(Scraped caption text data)
┌────────

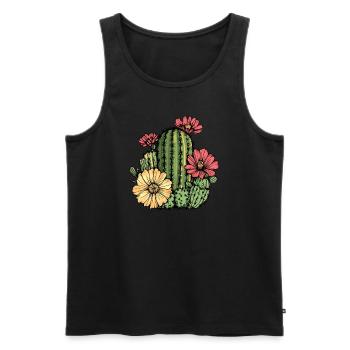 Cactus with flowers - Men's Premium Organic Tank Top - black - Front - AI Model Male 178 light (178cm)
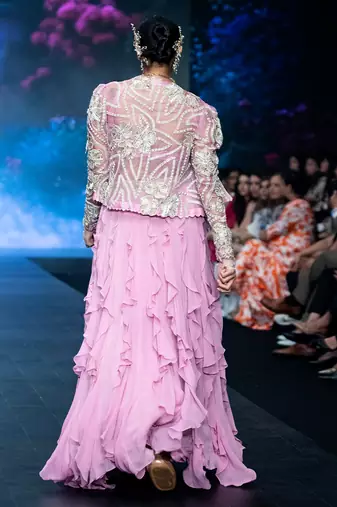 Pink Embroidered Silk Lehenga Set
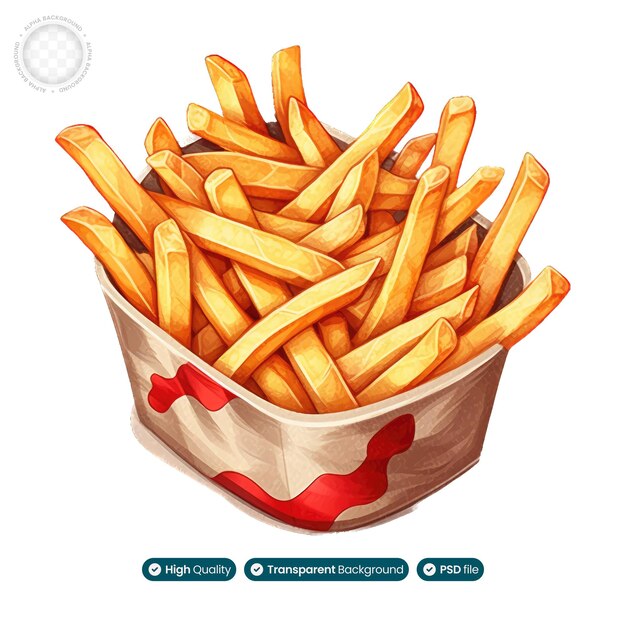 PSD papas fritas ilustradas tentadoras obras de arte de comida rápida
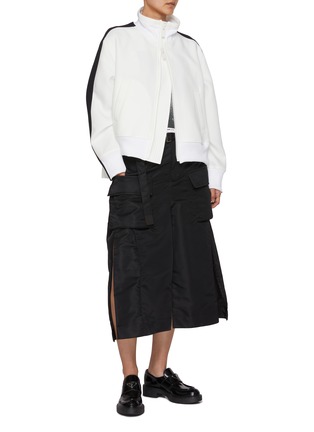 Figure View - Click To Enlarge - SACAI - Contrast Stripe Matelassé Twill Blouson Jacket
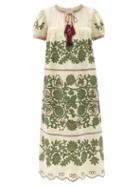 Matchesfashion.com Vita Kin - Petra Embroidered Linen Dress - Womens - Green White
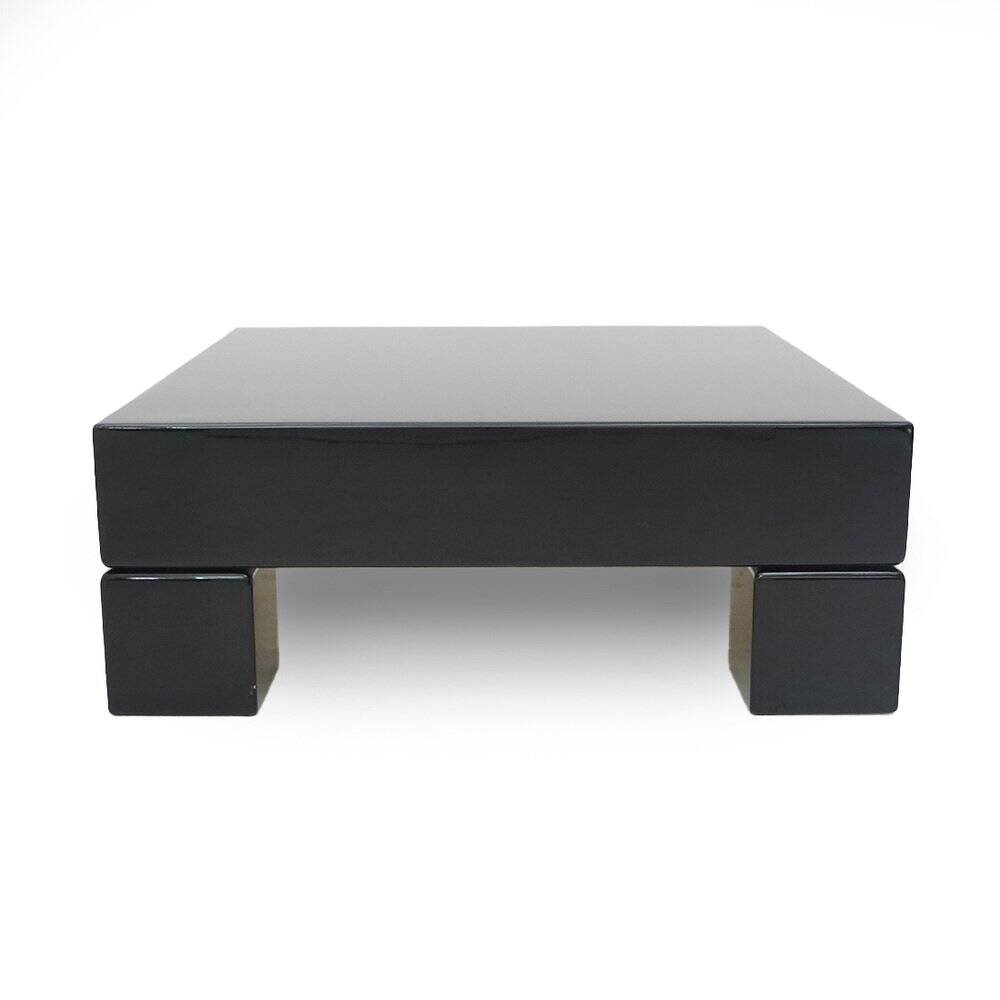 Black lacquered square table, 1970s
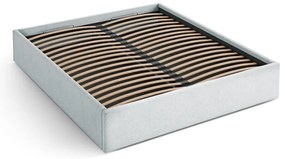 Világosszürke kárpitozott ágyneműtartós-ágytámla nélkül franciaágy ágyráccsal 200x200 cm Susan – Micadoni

└────────

## EXERCISE
The response must restate exactly the lines from the one containing "PSD papas fritas" through the end of the records above and must leave out all pictures.

## EXERCISE OUTPUT
 PSD papas fritas ilustradas tentadoras obras de arte de comida rápida
 Figure View - Click To Enlarge - SACAI - Contrast Stripe Matelassé Twill Blouson Jacket
 Matchesfashion.com Vita Kin - Petra Embroidered Linen Dress - Womens - Green White
 Black lacquered square table, 1970s
 Világosszürke kárpitozott ágyneműtartós-ágytámla nélkül franciaágy ágyráccsal 200x200 cm Susan – Micadoni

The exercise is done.